Those concerns were stoked by a First Department decision from last December, Bennett v. Health Management Systems, Inc., 936 N.Y.S. 2d 112 (1st Dep’t 2011). On the surface, Bennett appeared to significantly expand an employee’s ability to defeat summary judgment on discrimination and retaliation claims brought under the City HRL, even when the employee fails to proffer any evidence of unlawful conduct. [Click here to read our previous alert on the Bennett case.] Of particular concern, Bennett seemed to suggest that a City HRL plaintiff could survive summary judgment simply by showing that “at least one of the reasons proffered” for an adverse employment action was “false, misleading, or incomplete,” even without evidence that the proffered reason was a pretext for discrimination. 936 N.Y.S. 2d at 123. Under the broadest interpretation of Bennett, an employer who labeled an employee’s separation as a layoff could, conceivably, be denied summary judgment if the evidence suggested that the termination was, in fact, motivated by unsatisfactory job performance -- even if the plaintiff produced no evidence of discriminatory intent. While Bennett actually affirmed a grant of summary judgment, showing that the tool was still available in these cases, some of its language was widely viewed as overly permissive towards plaintiffs. This prompted fears that Bennett might significantly curtail summary judgment’s viability in City HRL claims.

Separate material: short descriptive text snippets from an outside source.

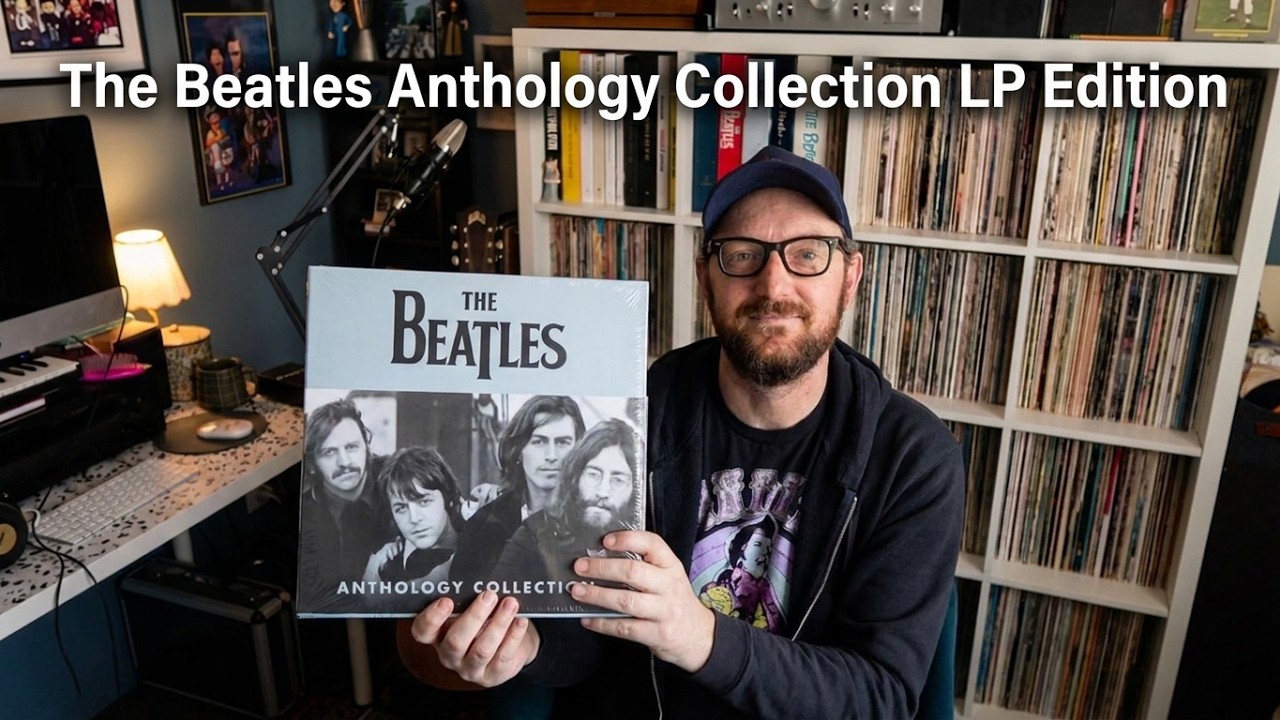Рецензия: Сборник песен The Beatles Anthology Collection (LP-издание)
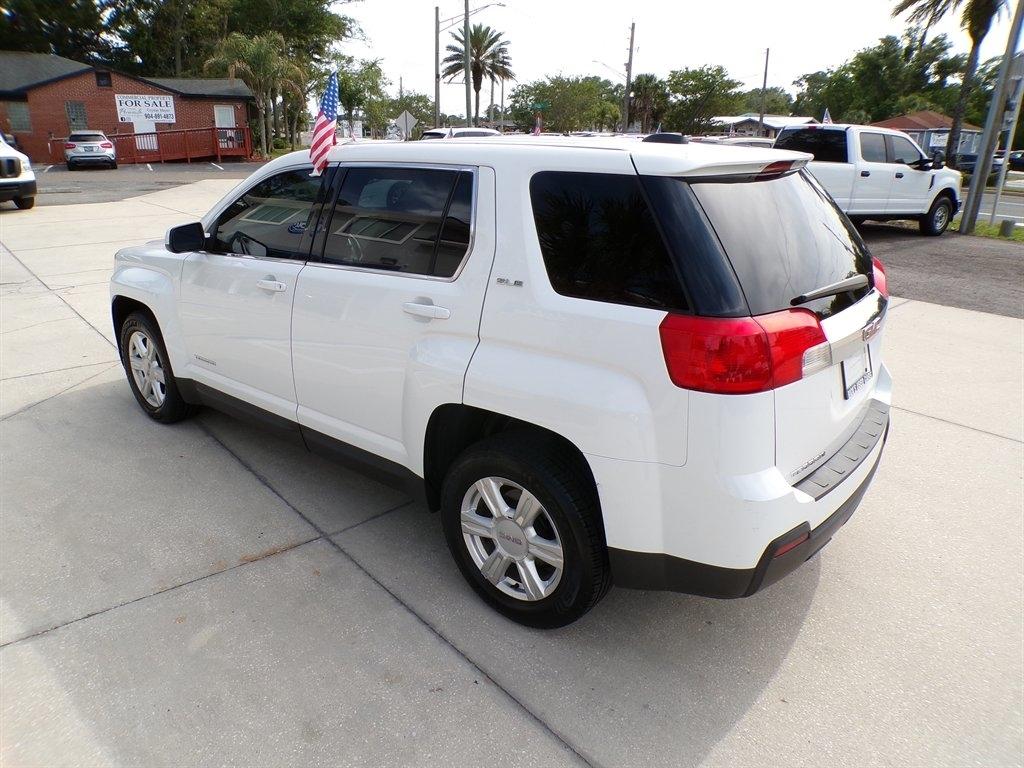 GMC Terrain FWD 4dr SLE w/SLE-1 2015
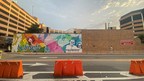 Valspar's Be Bright Initiative Returns at an Inspiring Location and with a Local Mural Artist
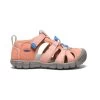 Keen Little Kids' Seacamp II CNX | Papaya Punch/Marina -Keen 6abf588a146e031dcbe3bc92c9c4281ddbc99f3e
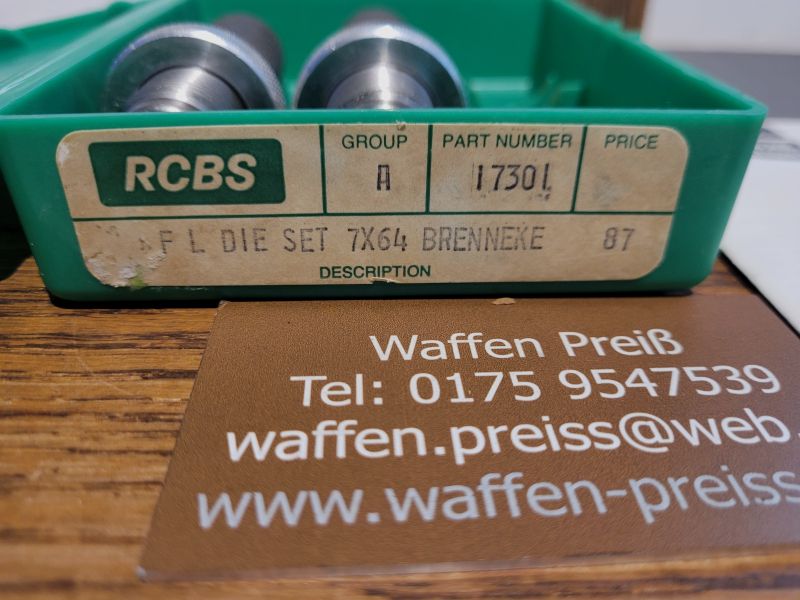 RCBS Wiederladen Matritzensatz 7x64 Brenneke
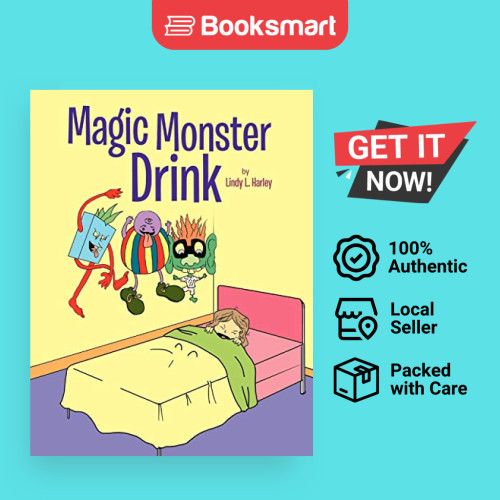 Magic Monster Drink - ปกอ่อน - อังกฤษ - 9781453522608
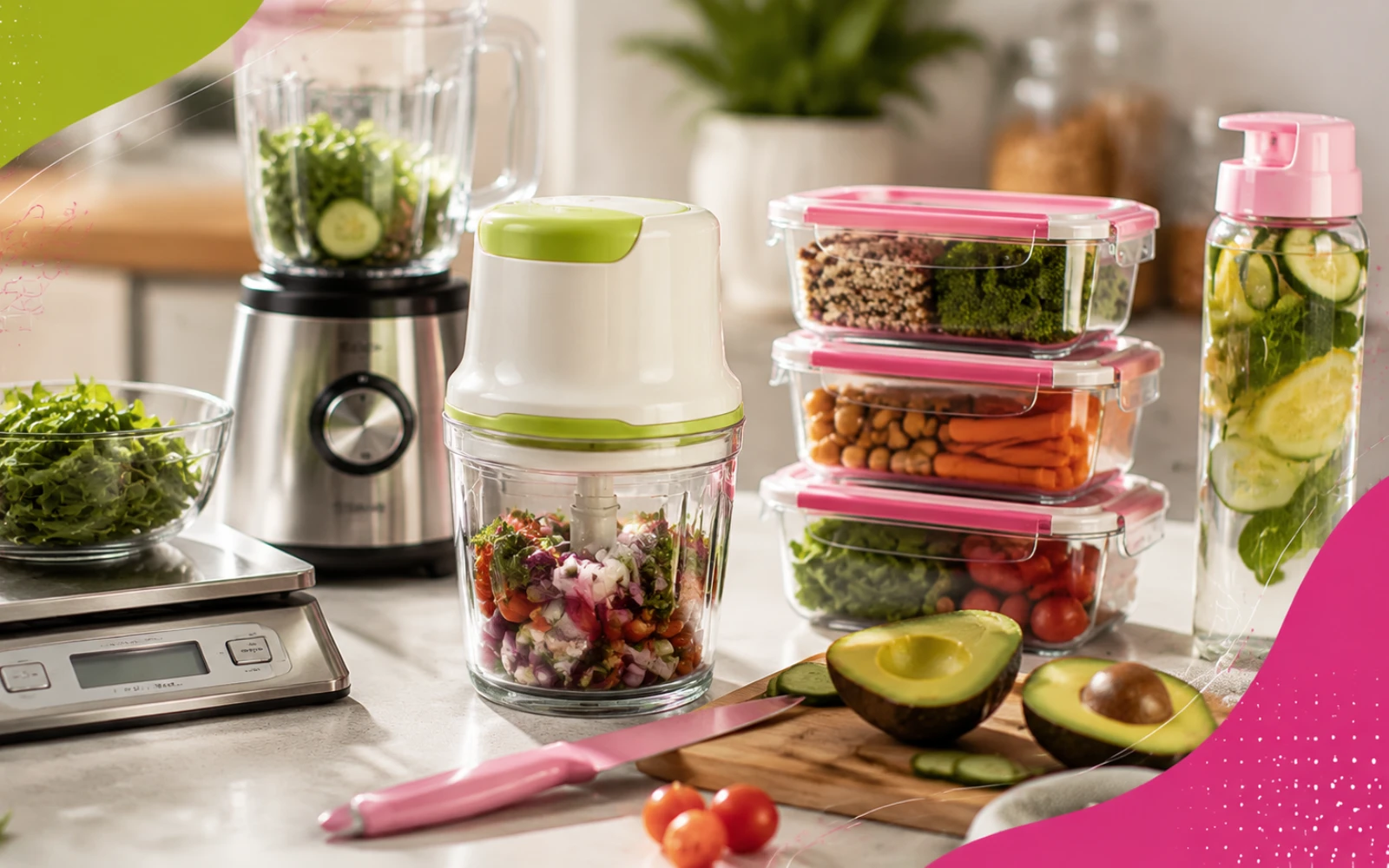 Best Kitchen Gadgets for Healthy Meal Prep: Tools That Actually Save Time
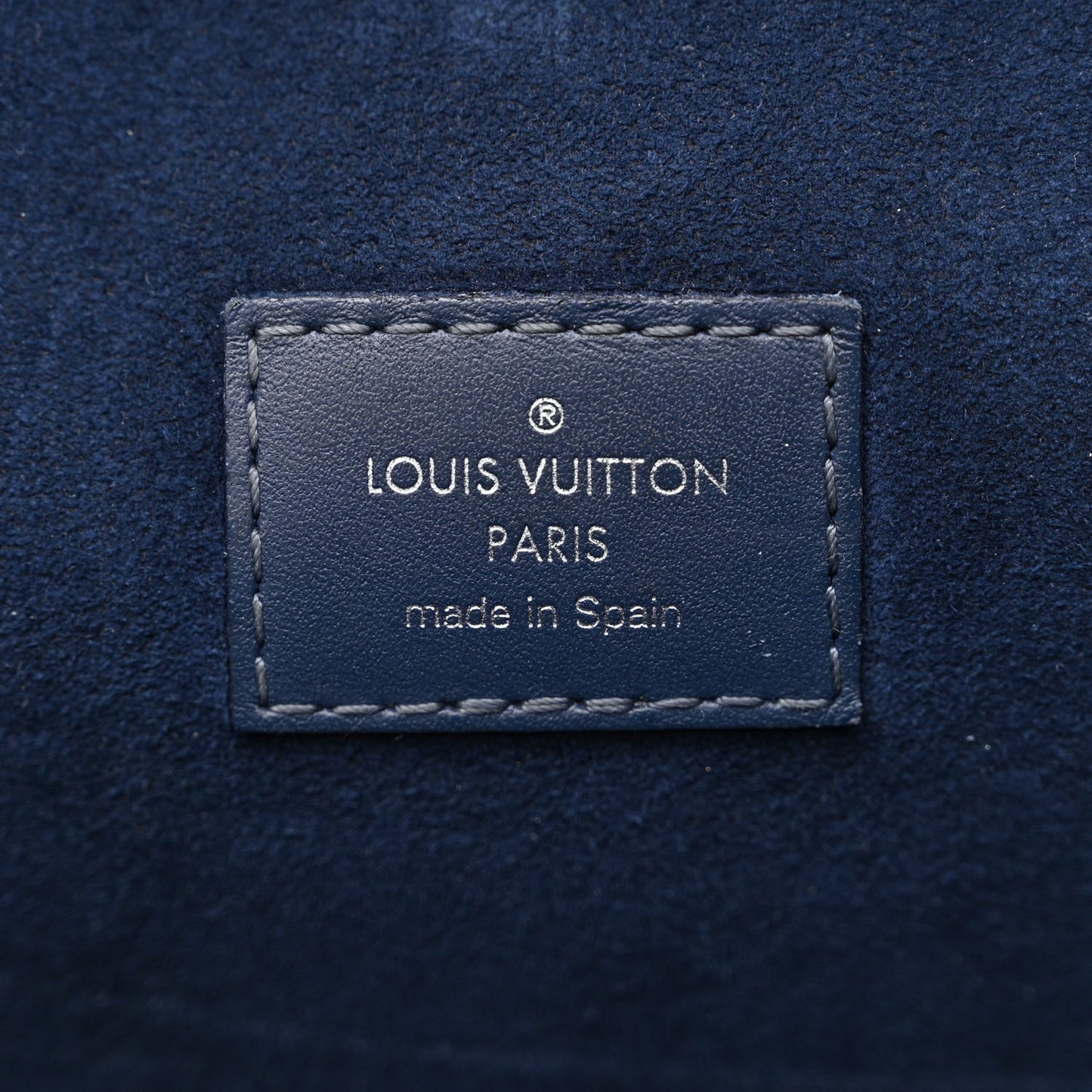 Epi Neverfull MM Indigo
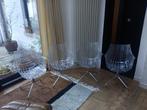 4 chaises Driade Meridiana, Maison & Meubles, Chaises, Comme neuf, Synthétique, Quatre, Contemporain / Design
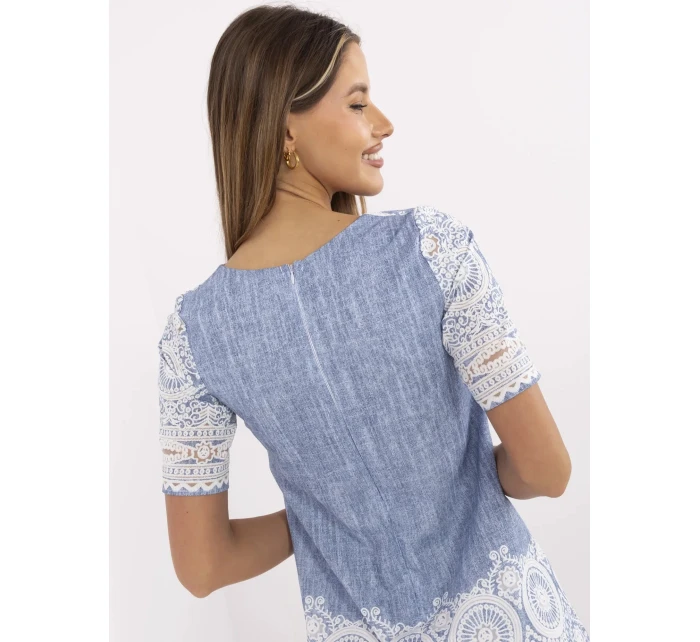 Šaty LK SK 506836 1.74P modré Šaty LK SK 506836 1.74P modré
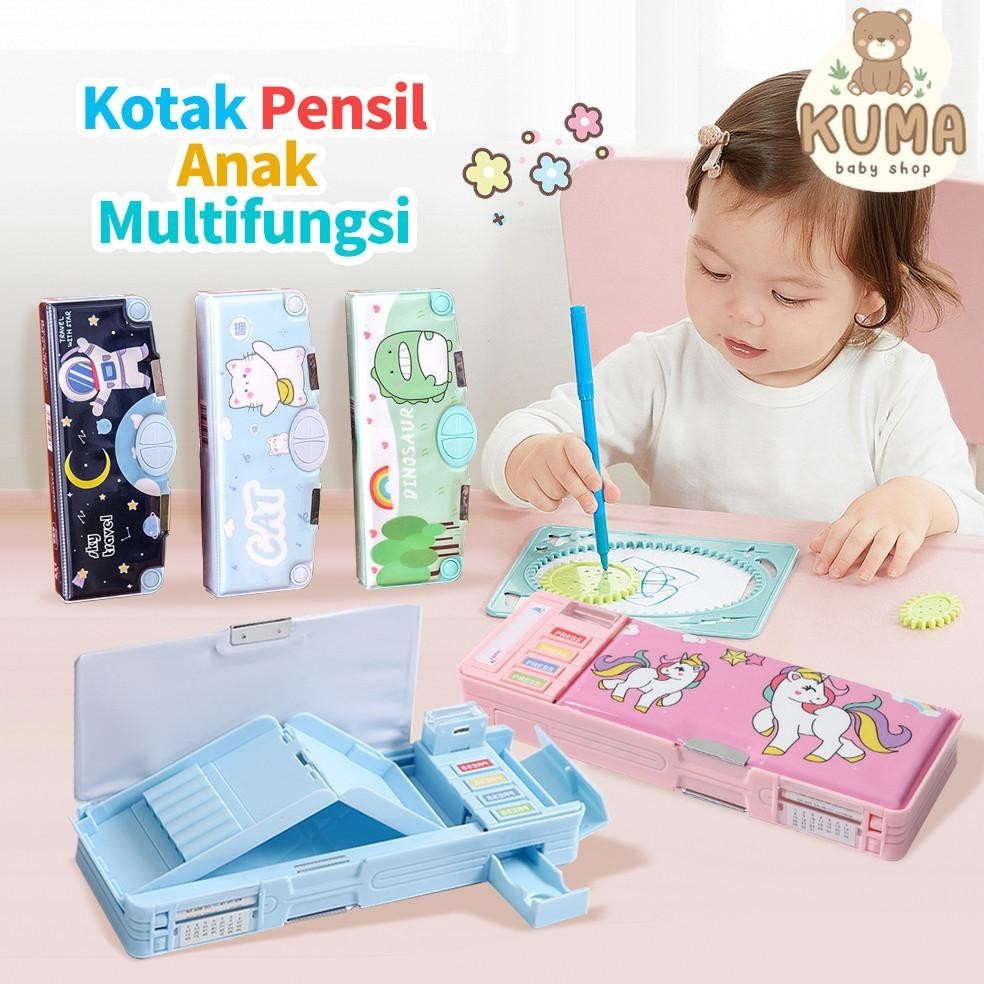 

Diskon Hannei Tempat Pensil Multifungsi Motif Untuk Anak Kotak Pensil Case Vex-2126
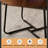 Nesting Coffee Table Set Of 2, 20"+28" Round Coffee Table, Modern Side Table Sofa Table With Fluted Design, Centre Table For Living Room Reception Room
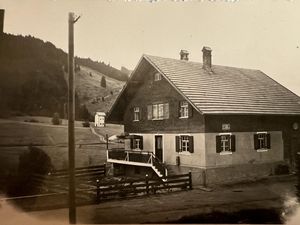 Bild vom Urzustand des Haus um ca. 1930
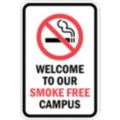 No Smoking School Signs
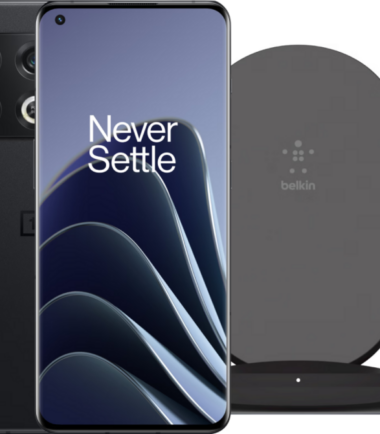 OnePlus 10 Pro 256GB Zwart 5G + Belkin Boost Up Draadloze Oplader 15W Zwart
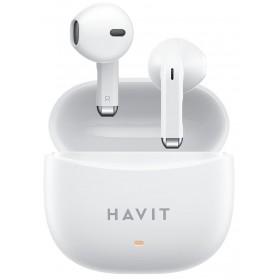 Auriculares Inalambricos Bluetooth In Ear Havit TW941 Blanco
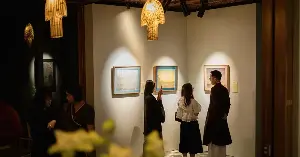 Hoi An's heritage in paintings: Subtle and vibrant colors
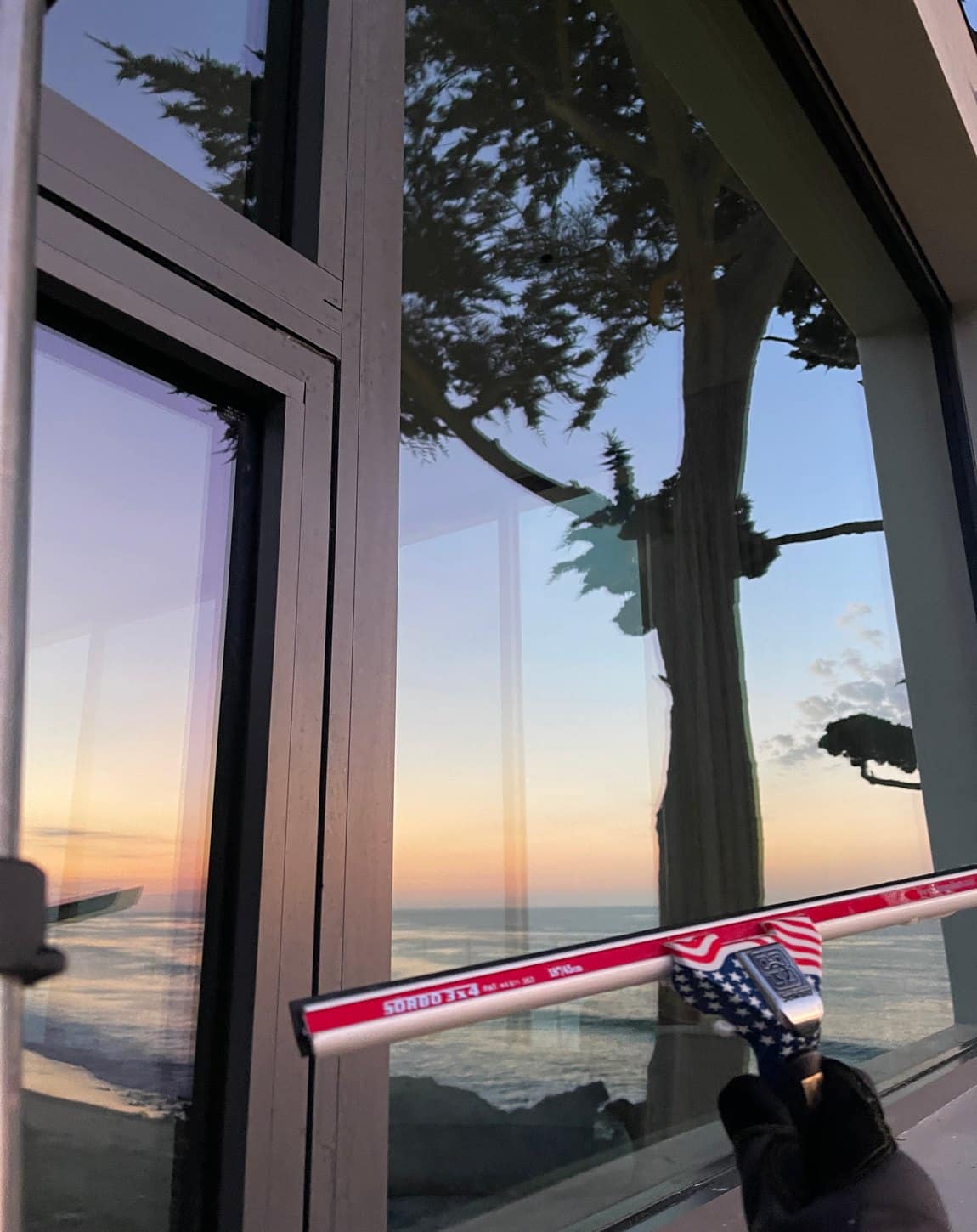 Goleta Pressure Washing exterior cleaning on the Santa Barbara South Coast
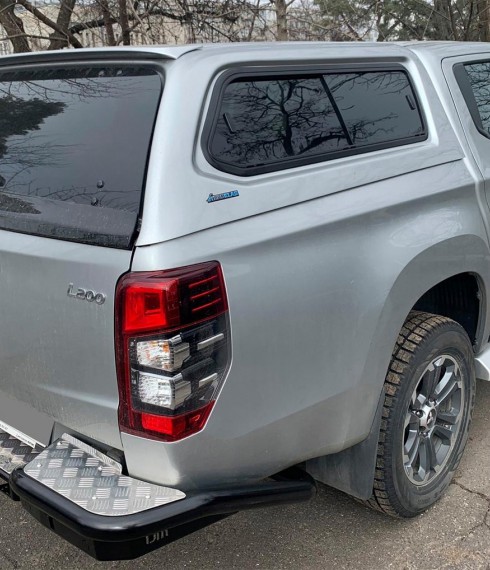 Кунг Mitsubishi L200 2019+ Aeroklas с раздвижными стеклами фото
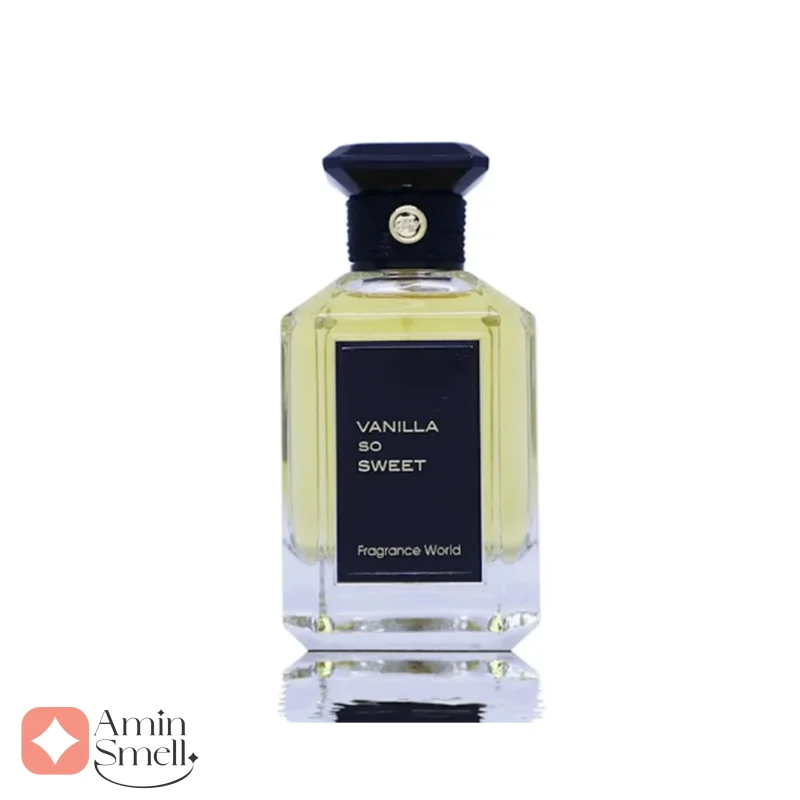 Vanilla_So_Sweet_Fragrance_World_ادکلن_وانیلا_سو_سوییت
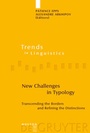 Cover: New Challenges in Typology - De Gruyter Mouton
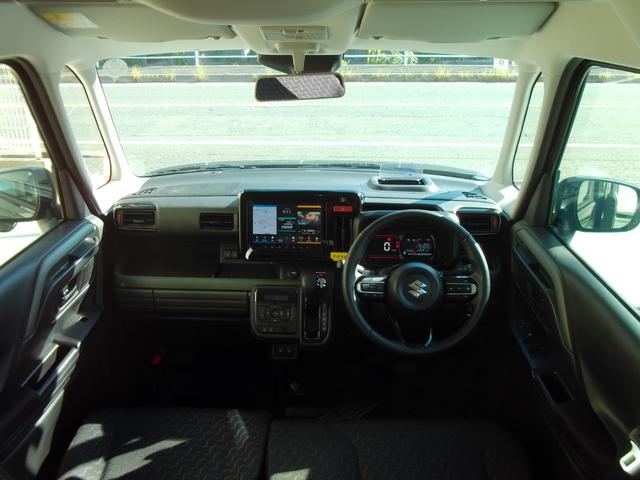 スペーシアギア ハイブリッドＸＺ　ターボ　９インチナビ／全方位バックモニター／両側電動スライドドア／シートヒーター左右／ハンドルヒーター／ＬＥＤライト（18枚目）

Melman has now substantially relieved those worries. In Melman, the First Department held that Bennett merely requires a summary judgment motion on a City HRL claim to “be analyzed both under the McDonnell Douglas framework and the somewhat different ‘mixed motive’ framework.” But Melman makes clear that both these approaches require a City HRL plaintiff to produce actual evidence of discrimination in order to survive summary judgment, at least where an employer proffers a legitimate non-discriminatory reason for its actions. Under the McDonnell Douglas method, a plaintiff must produce evidence showing “both that the stated reasons were false and that discrimination was the real reason” for the challenged employment decision. (emphasis supplied) Under the similar “mixed motive” approach, a plaintiff must produce evidence showing that the action “was more likely than not based in whole or in part on discrimination.” Accordingly, Melman makes clear that, notwithstanding the City HRL’s “uniquely broad and remedial purposes,” a plaintiff cannot survive summary judgment without “com[ing] forward with evidence from which a jury could reasonably find that the challenged actions were motivated, either in whole or in part” by discrimination. It is not enough for a plaintiff to impeach one non-discriminatory reason with evidence of a different non-discriminatory reason.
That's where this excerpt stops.